Figure 8.1.2 The world population from the founding of Rome (753 BCE) until the fall of the western Roman empire (476 CE).

This is a good time to stop and discuss the graph. In discussing Figure 8.1.2 students might make interesting connections referring to the Wikipedia Roman demography article It is sometimes estimated that the Roman empire might have had about 70 million citizens at the height of the empire, in the 2nd centry CE. The world population at that time was approximately 200 million people, so the Roman empire would have accounted for some 35% of the world’s population. This means that large scale population events in the Roman empire, like the Antonine Plauge in 165-180 CE, or the decline and fall of the empire in the 4th and 5th centuries might account for dips in Figure 8.1.2.

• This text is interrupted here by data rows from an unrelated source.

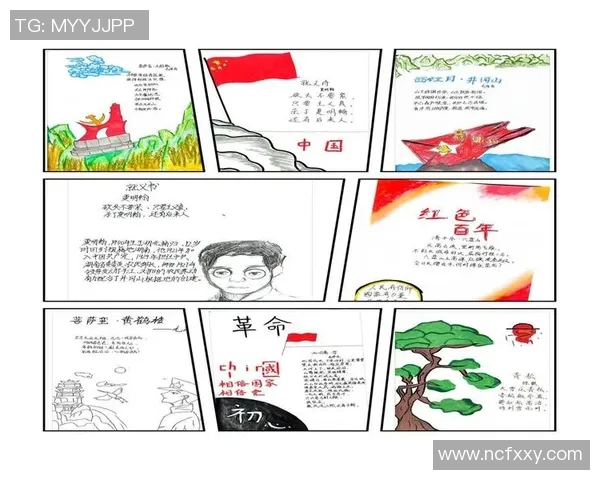 程帅澎的奋斗故事与成长历程揭示了新时代年轻人的拼搏精神与梦想追求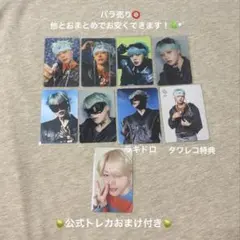 JO1木全翔也 トレカ HIMPコンプ+タワレコ特典/ラキドロ/ぷちじぇおトレカ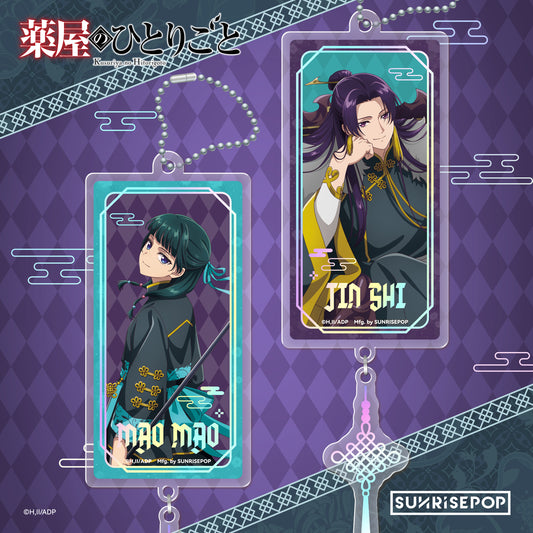 The Apothecary Diaries - Acrylic Keyring Halloween - Maomao/Jinshi《Pre-order》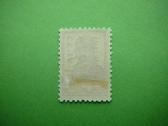 Lietuva 1941 Nepriklausoma Lietuva 10kap np03sl - nuotraukos Nr. 2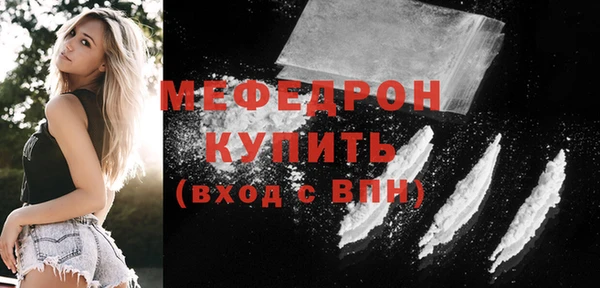ECSTASY Заводоуковск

We can also zoom in to the 20th century. In Figure 8.1.3 we zoom in to the 20th century.

Listing 8.1.3 Plot the world population in the 20th century.
##CAPTION: World population in the 20th century.
set grid
set datafile separator comma
plot [1900:1999] 'world-pop.csv' using 1:2 with linespoints
../_images/plotworldpopulation20th.svg

Figure 8.1.3 The world population in the 20th century.

Discussion of Figure 8.1.3 can point out that there is exponential growth from 1900 to 1962 (the year in which the world’s rate of population growth peaked), but that the exponential growth has interruptions due to World War I, the Spanish flu, and World War II.

Listing 8.1.4 Plot the world population from 0 to 1800 CE.
##CAPTION: World population from year 0 to 1800.
set grid
set datafile separator comma
plot [0:1800] 'world-pop.csv' using 1:2 with linespoints
../_images/plotworldpopulation0-1800.svg

Figure 8.1.4 The world population from 0 to 1800 CE.

And in Figure 8.1.4 we zoom in to the period from year 0 to 1800 CE. It can be interesting to look at pandemics and wars in this period and see if you can find features in the plot that correspond to those periods in history.

These attempts at zooming in tell us a some interesting things:

  • It is frustrating that there is so little data before 1950.

  • The 0 to 1800 plot allows us to see things clearly before the population jumps up so much.

  • In the 0-1800 plot we see that the world population starts growing as we approach the year 1000, after which it flattens off around the year 1300 (the period of the great plague), after which it starts pick up and never stops growing.

The other way to look at data when the \(y\) axis has too much range is to use what is called a log scale. Figure 8.1.5 shows how this can be done in gnuplot, and you can see that the \(y\) axis has been adjusted so that we can see some of the features in the data. This plot is more useful than that in Figure 8.1.1.

Listing 8.1.5 Instructions to plot the world population with log scale.
##CAPTION: World population.
set grid
set datafile separator comma
set logscale y
plot 'world-pop.csv' using 1:2 with linespoints
../_images/plotworldpopulationlog.svg

Figure 8.1.5 The world population from 10000 BCE until the present time, with a log scale for population. You can see some features because the log scale compresses the 20th century population explosion.

8.1.1. Exercises

Exercise 8.1

Find effective ways of downloading, processing and plotting data on the duration of ancient empires. You can find some here: http://www.bbc.com/future/story/20190218-the-lifespans-of-ancient-civilisations-compared

5

The full URL is http://ourworldindata.org/roser/graphs/WorldPopulationAnnual12000years_interpolated_HYDEandUN/WorldPopulationAnnual12000years_interpolated_HYDEandUN.csv but we don’t need to type it all, so in the text I show an abbreviation of it.